Tuesday, October 16, 2012

What's a Levant? (a wind, a region, a whole state of mind)



I! GIVE! UP! I've spent an obscenely long time trying to get something (or some thingS) to cut and paste, from different sites, so shame on me anyway, I shouldn't do that. The line spacing was SO fucked up that no matter what I did to fix it, it just didn't work.

But I still got all this information, see? Stuff that really intrigued me, because though my current uber-obsession Oscar Levant was of Russian-Jewish ethnicity, Levant is a very French-sounding name, with very French-sounding connotations (not to mention English: levitating, levity, leverage, all that stuff.)


 

Since I'm tired of fighting with the line-spacing crap, I'm sitting here listening to Levant playing the living hell out of my all-time favorite Gershwin, the I Got Rhythm variations. My God, he really was good and did things no other pianist ever thought of. The only word I can come up with to describe the sound is "bright", and I don't think it's just from a good piano. When you watch him perform in his dozen-or-so movies, often his hands are a blur.
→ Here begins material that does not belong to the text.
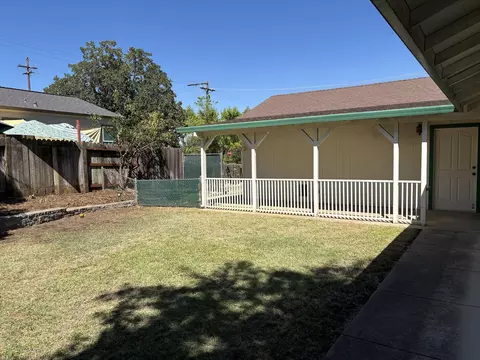 Exterior - 2020 Olive Ave, Redding, CA 96001 photo 7 of 13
So OK. . . I'm going to have to make jambalaya out of all the information I dredged out of those web sites. Since it took me all morning to cull out this stuff from maybe 150 different definitions of Levant, I reserve the right to blather my own comments when I feel like it.
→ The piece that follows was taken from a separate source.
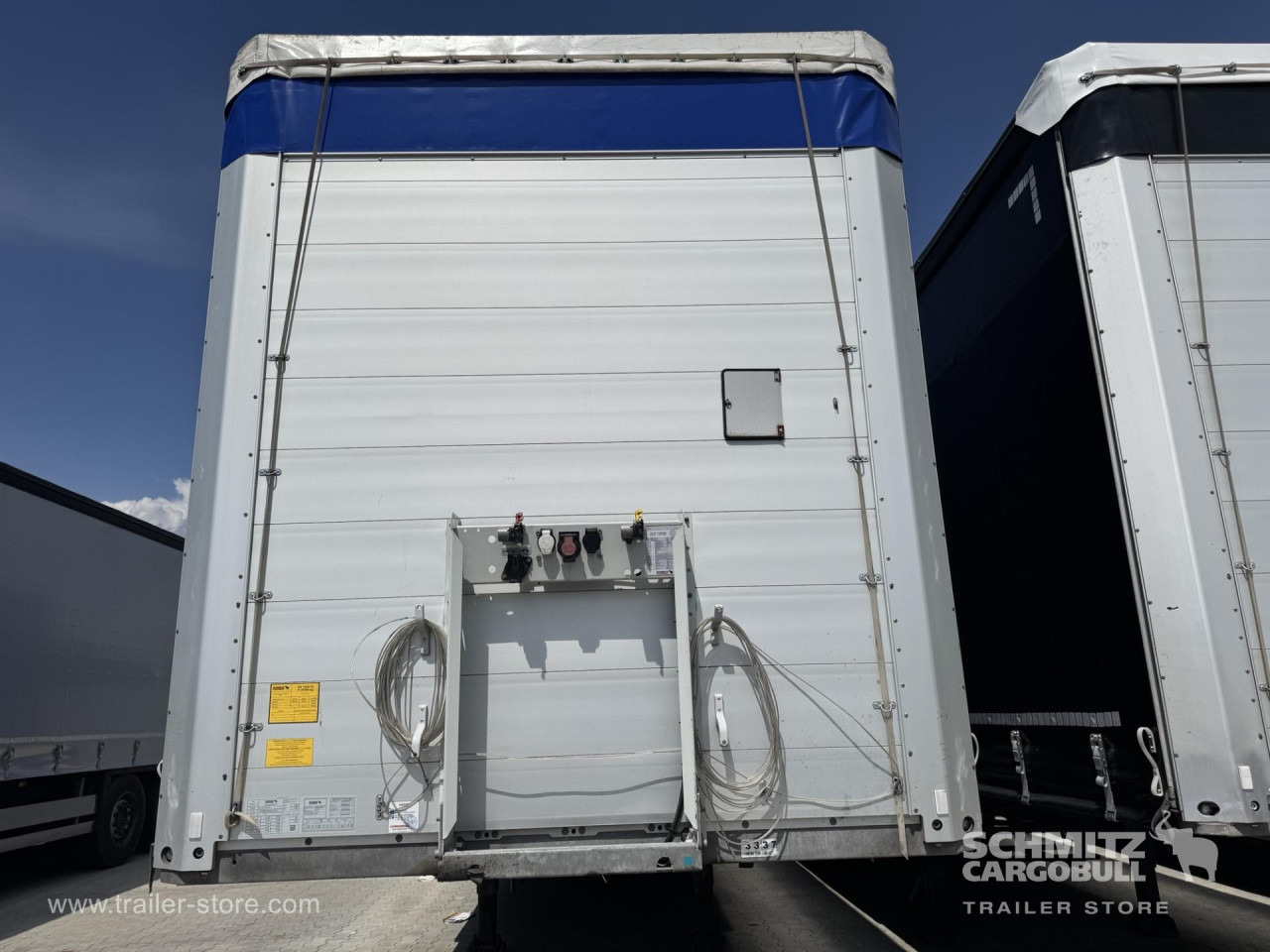 SCHMITZ Curtainsider Standard - Plachtový návěs: obrázek 2 SCHMITZ Curtainsider Standard - Plachtový návěs: obrázek 2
Among many other things, Levant means:

1. soleil levant: rising sun

2. Levant: the Levant (??)

3. (n.) A levanter (the wind so called)

4. (n.) The countries washed by the eastern part of the Mediterranean and its contiguous waters

5. (n.) Rising or having risen from rest - said of cattle. See couchant and levant, under couchant.
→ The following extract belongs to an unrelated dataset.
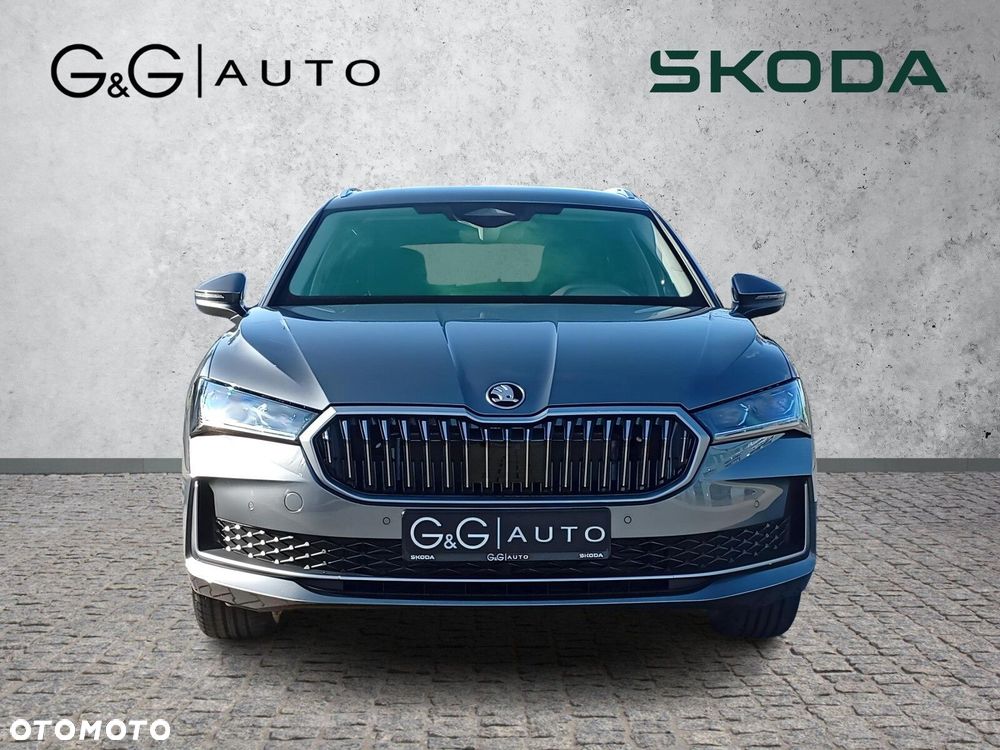Skoda Superb 2.0 TDI SCR Edition 130 DSG - 9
To quote Oscar's close friend Dorothy Parker:

"For work is the province of cattle,
And rest's for a clam in a shell. . . "

I can't help but wonder why it is "said of cattle", but I guess I'll have to go along with it.




6. (a.) Eastern (Oriental: see the Gershwin ripoff Oriental Blues, which is perhaps a musical in-joke and sly reference to Levant)

7. (v.) To run away from one's debts; to decamp.

Well! Oscar, you shouldn't be doing that, but there was a little streak of lawlessness in him; it's why we loved him so.

8. (n.) Levanter: a strong easterly wind peculiar to the Mediterranean.

9. (n.) One who Levants, or decamps.

I wonder if Oscar ever Levanted in his lifetime.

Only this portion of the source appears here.